Ponti (AIP): «Il piede diabetico è una condizione in cui la presenza o la compresenza di neuropatia e vasculopatia determina alterazioni anatomo-funzionali. Sono proprio tali alterazioni ad esporre il piede ad un alto rischio di ulcerazione e di infezione»
Il diabete è la prima causa di amputazione non traumatica. Numerose ricerche scientifiche confermano che una presa in carico del paziente diabetico da parte di un team multidisciplinare può diminuire notevolmente il numero di amputazioni, migliorando la qualità di vita e riducendo i costi a carico del Sistema Sanitario Nazionale. «Un paziente che subisce l’amputazione di una gamba non sarà più autosufficiente ed avrà bisogno sia di un’assistenza continua, che di maggiori cure», spiega a Sanità Informazione Valerio Ponti, presidente AIP, l’Associazione Italiana Podologi.
Il podologo è il professionista sanitario che, lavorando in equipe con medici e sanitari, può prendersi cura del piede diabetico, evitando un peggioramento della patologia ed evitando l’amputazione.

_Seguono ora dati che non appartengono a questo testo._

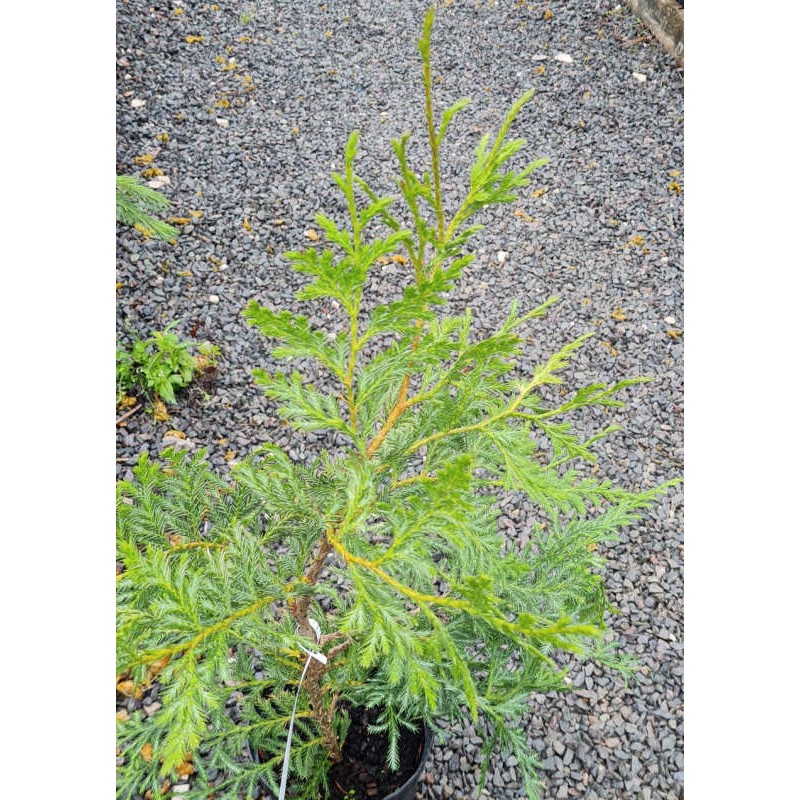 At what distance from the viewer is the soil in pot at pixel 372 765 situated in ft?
Result: 6.22

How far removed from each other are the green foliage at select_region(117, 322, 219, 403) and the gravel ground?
→ 123 millimetres

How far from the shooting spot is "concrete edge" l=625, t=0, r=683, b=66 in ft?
17.3

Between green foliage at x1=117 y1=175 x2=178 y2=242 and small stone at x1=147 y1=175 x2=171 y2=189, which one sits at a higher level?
small stone at x1=147 y1=175 x2=171 y2=189

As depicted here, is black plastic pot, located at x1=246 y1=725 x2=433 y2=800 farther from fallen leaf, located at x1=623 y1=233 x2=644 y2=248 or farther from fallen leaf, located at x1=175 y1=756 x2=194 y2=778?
fallen leaf, located at x1=623 y1=233 x2=644 y2=248

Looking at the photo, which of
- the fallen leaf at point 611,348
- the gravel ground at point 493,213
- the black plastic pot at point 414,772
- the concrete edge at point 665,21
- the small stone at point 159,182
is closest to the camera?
the black plastic pot at point 414,772

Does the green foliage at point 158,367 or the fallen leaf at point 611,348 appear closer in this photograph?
the green foliage at point 158,367

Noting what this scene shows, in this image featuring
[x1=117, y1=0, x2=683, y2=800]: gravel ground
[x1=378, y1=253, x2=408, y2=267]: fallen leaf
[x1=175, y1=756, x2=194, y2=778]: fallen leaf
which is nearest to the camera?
[x1=175, y1=756, x2=194, y2=778]: fallen leaf

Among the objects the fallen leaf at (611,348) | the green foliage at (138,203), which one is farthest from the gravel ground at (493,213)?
the green foliage at (138,203)

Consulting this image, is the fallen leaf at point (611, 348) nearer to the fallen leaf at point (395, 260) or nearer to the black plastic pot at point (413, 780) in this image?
the fallen leaf at point (395, 260)

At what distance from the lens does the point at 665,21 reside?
5.38 meters

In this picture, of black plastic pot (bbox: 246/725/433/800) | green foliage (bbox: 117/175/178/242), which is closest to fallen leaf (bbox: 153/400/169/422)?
green foliage (bbox: 117/175/178/242)

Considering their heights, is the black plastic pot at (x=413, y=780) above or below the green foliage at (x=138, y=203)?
below

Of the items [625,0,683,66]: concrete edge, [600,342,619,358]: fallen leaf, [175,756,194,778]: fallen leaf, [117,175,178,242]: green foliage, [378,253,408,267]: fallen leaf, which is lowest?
[175,756,194,778]: fallen leaf

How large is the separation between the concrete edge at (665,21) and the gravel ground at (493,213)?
0.09m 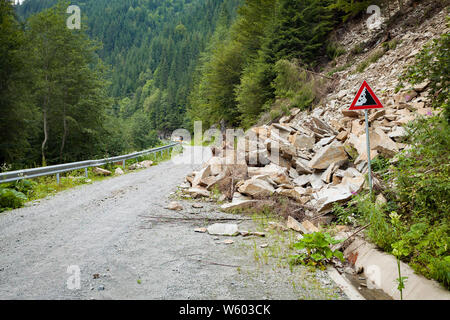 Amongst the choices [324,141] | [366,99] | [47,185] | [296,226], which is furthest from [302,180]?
[47,185]

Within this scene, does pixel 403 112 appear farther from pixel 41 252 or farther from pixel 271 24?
pixel 271 24

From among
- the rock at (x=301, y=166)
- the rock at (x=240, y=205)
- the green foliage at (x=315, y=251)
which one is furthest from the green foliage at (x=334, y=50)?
the green foliage at (x=315, y=251)

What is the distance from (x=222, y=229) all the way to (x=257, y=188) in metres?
2.20

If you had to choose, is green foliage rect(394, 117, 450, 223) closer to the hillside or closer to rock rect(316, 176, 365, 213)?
the hillside

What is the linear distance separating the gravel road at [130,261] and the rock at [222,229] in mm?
277

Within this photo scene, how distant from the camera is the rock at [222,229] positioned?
5.65 meters

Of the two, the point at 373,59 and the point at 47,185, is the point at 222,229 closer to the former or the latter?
the point at 47,185

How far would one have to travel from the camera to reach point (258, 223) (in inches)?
252

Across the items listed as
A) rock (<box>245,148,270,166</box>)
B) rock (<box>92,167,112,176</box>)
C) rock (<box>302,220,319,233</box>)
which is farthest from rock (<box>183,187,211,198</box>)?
rock (<box>92,167,112,176</box>)

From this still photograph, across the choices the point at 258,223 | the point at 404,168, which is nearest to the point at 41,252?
the point at 258,223

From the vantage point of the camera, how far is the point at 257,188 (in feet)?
25.0

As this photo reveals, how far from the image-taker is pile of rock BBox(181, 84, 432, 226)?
711 centimetres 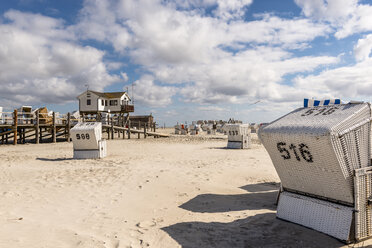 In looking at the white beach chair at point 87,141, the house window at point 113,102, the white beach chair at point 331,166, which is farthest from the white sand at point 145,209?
the house window at point 113,102

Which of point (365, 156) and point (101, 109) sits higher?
point (101, 109)

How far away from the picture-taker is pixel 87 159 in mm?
12344

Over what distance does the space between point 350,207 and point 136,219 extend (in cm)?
363

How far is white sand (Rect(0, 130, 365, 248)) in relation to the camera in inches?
159

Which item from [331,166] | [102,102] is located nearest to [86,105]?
[102,102]

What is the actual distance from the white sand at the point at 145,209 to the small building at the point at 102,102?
2919 cm

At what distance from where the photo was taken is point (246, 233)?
4.24 metres

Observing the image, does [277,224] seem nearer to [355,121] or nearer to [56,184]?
[355,121]

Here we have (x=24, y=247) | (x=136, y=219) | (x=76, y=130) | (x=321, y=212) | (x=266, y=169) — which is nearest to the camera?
(x=24, y=247)

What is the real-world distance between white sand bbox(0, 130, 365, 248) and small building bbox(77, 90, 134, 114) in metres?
29.2

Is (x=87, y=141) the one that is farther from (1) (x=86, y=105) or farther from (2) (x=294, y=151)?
(1) (x=86, y=105)

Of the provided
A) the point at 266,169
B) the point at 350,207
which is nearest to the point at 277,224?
the point at 350,207

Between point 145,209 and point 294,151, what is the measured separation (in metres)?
3.27

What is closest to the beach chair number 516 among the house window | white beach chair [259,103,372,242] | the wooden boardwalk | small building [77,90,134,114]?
white beach chair [259,103,372,242] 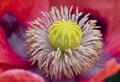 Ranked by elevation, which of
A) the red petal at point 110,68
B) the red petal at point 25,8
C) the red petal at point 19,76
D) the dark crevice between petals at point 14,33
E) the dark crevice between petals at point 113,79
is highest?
the red petal at point 25,8

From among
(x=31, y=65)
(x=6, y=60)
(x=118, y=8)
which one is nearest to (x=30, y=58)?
(x=31, y=65)

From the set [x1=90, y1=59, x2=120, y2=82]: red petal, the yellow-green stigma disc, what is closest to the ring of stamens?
the yellow-green stigma disc

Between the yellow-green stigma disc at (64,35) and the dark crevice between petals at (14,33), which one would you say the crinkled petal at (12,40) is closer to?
the dark crevice between petals at (14,33)

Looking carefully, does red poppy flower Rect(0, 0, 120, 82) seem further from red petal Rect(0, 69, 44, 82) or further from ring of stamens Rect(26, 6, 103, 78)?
red petal Rect(0, 69, 44, 82)

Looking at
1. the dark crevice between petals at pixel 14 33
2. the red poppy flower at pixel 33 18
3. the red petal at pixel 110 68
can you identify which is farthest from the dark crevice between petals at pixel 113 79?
the red petal at pixel 110 68

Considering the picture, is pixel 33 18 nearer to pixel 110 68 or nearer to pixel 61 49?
pixel 61 49

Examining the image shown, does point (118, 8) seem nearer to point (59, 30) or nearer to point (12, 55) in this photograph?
point (59, 30)

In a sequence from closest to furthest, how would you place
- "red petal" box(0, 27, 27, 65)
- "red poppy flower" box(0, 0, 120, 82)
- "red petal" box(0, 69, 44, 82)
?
"red petal" box(0, 69, 44, 82) → "red petal" box(0, 27, 27, 65) → "red poppy flower" box(0, 0, 120, 82) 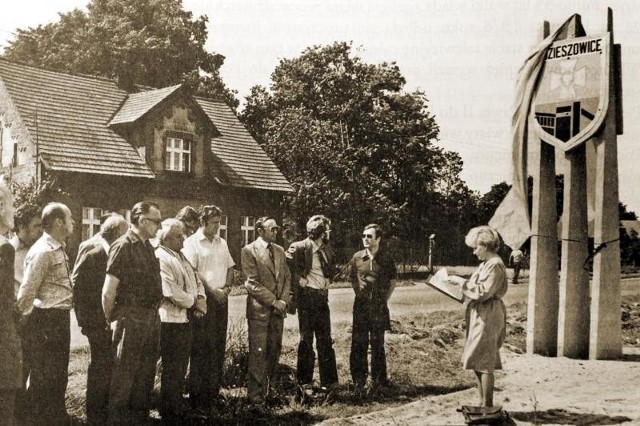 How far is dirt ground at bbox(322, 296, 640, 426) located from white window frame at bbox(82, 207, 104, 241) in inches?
608

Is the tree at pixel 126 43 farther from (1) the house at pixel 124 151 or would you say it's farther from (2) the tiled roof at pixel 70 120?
(1) the house at pixel 124 151

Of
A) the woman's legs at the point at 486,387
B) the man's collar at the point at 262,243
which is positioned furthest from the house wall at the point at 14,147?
the woman's legs at the point at 486,387

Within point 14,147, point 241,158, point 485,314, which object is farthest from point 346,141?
point 485,314

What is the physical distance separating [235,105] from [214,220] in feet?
95.7

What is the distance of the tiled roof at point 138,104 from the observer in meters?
23.5

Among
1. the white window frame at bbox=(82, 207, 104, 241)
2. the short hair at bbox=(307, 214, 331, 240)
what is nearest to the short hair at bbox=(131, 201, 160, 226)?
the short hair at bbox=(307, 214, 331, 240)

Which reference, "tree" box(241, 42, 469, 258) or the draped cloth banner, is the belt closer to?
the draped cloth banner

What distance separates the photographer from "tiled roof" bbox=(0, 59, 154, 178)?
21.0 m

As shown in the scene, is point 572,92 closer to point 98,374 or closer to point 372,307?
point 372,307

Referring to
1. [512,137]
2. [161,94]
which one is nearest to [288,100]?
[161,94]

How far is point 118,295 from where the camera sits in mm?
5312

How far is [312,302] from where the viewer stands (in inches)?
279

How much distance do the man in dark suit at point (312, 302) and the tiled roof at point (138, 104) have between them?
17.4 m

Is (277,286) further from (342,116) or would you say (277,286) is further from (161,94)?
(342,116)
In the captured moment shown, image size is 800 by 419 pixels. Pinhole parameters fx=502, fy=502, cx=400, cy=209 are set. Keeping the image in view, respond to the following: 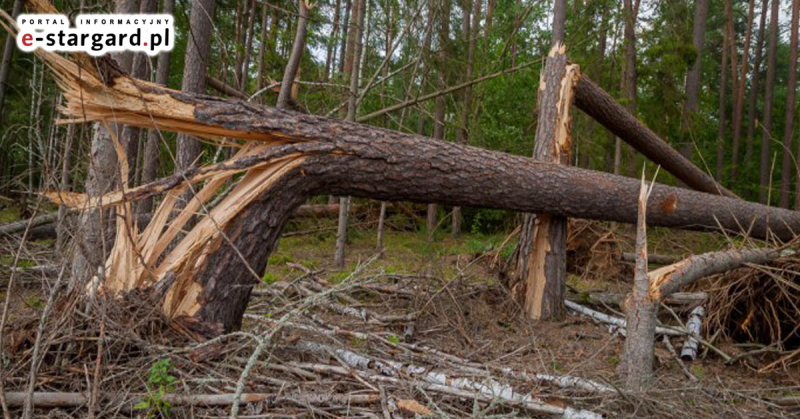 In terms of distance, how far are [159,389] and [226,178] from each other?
1241 mm

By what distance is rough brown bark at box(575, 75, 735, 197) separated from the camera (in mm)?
5270

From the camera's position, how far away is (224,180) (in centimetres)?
295

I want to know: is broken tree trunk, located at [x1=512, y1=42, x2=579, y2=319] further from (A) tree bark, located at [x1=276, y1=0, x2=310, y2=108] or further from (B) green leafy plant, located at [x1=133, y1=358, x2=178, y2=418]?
(B) green leafy plant, located at [x1=133, y1=358, x2=178, y2=418]

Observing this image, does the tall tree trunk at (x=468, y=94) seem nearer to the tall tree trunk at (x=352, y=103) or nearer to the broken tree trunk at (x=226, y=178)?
the tall tree trunk at (x=352, y=103)

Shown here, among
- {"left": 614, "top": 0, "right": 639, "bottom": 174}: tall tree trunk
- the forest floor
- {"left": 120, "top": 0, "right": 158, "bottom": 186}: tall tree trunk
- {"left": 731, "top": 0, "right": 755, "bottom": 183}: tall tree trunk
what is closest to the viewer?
the forest floor

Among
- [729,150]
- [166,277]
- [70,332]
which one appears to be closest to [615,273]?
[166,277]

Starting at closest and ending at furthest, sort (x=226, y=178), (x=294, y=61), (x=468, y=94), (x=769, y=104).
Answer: (x=226, y=178), (x=294, y=61), (x=468, y=94), (x=769, y=104)

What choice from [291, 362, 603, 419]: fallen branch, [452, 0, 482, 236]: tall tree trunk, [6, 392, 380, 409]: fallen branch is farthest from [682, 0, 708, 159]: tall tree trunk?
[6, 392, 380, 409]: fallen branch

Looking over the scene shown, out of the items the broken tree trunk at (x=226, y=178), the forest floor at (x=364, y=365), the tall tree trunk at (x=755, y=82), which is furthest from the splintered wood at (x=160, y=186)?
the tall tree trunk at (x=755, y=82)

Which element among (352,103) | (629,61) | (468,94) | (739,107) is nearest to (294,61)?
(352,103)

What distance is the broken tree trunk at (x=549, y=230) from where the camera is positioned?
4613 mm

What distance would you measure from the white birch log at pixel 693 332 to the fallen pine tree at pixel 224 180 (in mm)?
2413

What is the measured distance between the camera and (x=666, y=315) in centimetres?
502

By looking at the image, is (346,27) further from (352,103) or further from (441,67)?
(441,67) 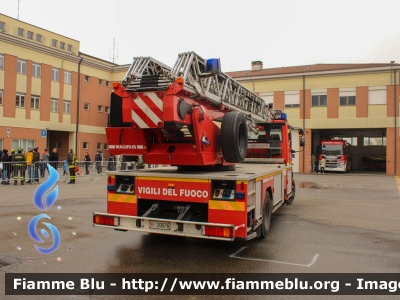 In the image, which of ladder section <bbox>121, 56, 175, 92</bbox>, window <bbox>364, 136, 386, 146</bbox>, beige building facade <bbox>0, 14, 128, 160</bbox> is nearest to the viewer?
ladder section <bbox>121, 56, 175, 92</bbox>

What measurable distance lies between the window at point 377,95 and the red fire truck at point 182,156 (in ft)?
86.4

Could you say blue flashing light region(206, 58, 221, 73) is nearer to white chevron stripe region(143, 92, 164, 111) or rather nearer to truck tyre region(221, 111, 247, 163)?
truck tyre region(221, 111, 247, 163)

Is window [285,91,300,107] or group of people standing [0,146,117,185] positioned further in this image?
window [285,91,300,107]

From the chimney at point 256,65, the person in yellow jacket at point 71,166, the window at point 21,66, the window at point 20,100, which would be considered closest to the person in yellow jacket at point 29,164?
the person in yellow jacket at point 71,166

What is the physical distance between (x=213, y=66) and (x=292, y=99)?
27.7m

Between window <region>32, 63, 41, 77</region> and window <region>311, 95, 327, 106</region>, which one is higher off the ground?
window <region>32, 63, 41, 77</region>

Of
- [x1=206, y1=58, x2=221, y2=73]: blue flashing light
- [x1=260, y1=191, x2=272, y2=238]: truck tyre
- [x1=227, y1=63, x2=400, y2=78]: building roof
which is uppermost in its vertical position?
[x1=227, y1=63, x2=400, y2=78]: building roof

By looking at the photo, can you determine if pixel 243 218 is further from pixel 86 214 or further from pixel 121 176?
pixel 86 214

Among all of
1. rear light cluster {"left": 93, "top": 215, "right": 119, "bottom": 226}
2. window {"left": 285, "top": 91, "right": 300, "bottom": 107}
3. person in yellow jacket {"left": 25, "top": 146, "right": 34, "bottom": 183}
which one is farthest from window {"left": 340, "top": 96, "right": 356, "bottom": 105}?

Sono molte le ricerche internazionali che hanno dimostrato l’efficacia dell’inserimento del podologo nella gestione del piede diabetico. «Da un recentissimo studio pubblicato su Journal of Foot and Ankle Research è emerso che un team multidisciplinare che abbia al suo interno il podologo riduce il rischio di amputazione maggiore o minore di circa il 31%, in virtù proprio degli interventi che il podologo può fare – assicura il professionista sanitario -. Se si considera soltanto l’amputazione maggiore, la riduzione è di circa il 55%».
In Italia superano i 3 milioni le persone affette da diabete: il 70% ha più di 65 anni e il 40 è over 75. Cifra a cui si aggiunge un ulteriore milione di individui che non sanno di averlo. Ancora, 4 milioni sono le persone ad alto rischio di sviluppare la patologia, tanto che ogni 2 minuti una persona riceve diagnosi di diabete (fonti: Annali AMD 2018, ISTAT 2017, Associazione Ricerca e Diabete, SID, Italian Diabetes & Obesity Barometer Report 2018). «Il piede diabetico – dice Ponti – è una condizione in cui la presenza o la compresenza di neuropatia e vasculopatia determina alterazioni anatomo-funzionali. Sono proprio tali alterazioni ad esporre il piede ad un alto rischio di ulcerazione e di infezione».
Dati Europei mostrano che il 15 % della popolazione diabetica sviluppa almeno un’ulcera al piede nel corso della propria vita. «In termini di qualità della vita il piede diabetico impatta non solo sul paziente ma anche su tutta la rete familiare intorno. Non solo si vive peggio, ma anche meno a lungo: «Uno studio, che ha esaminato 1088 pazienti con ulcere diabetiche, trattati in 14 centri specializzati, in 10 nazioni europee, ha evidenziato un tasso di mortalità pari al 6,4% del totale dei pazienti ad 1 anno dalla comparsa della lesione», racconta il podologo.
Già da alcuni anni, precisamente, dal 2019, esistono delle Linee Guida, redatte dall’International Working Group of Diabetic Foot (IWGDF). Il gruppo di lavoro ha pubblicato precise raccomandazioni sulla gestione e sulla prevenzione della patologia, basandosi su una systematic review della letteratura. «Sono cinque le “pietre miliari” individuate per la prevenzione delle ulcere – dice Ponti- . Innanzitutto l’identificazione del piede a rischio. Poi, l’ispezione e l’esame dell’arto. Fondamentale educare il paziente, la famiglia e gli operatori sanitari. Ancora – conclude il podologo – garantire l’uso di calzature adeguate e trattare i fattori di rischio per l’ulcerazione».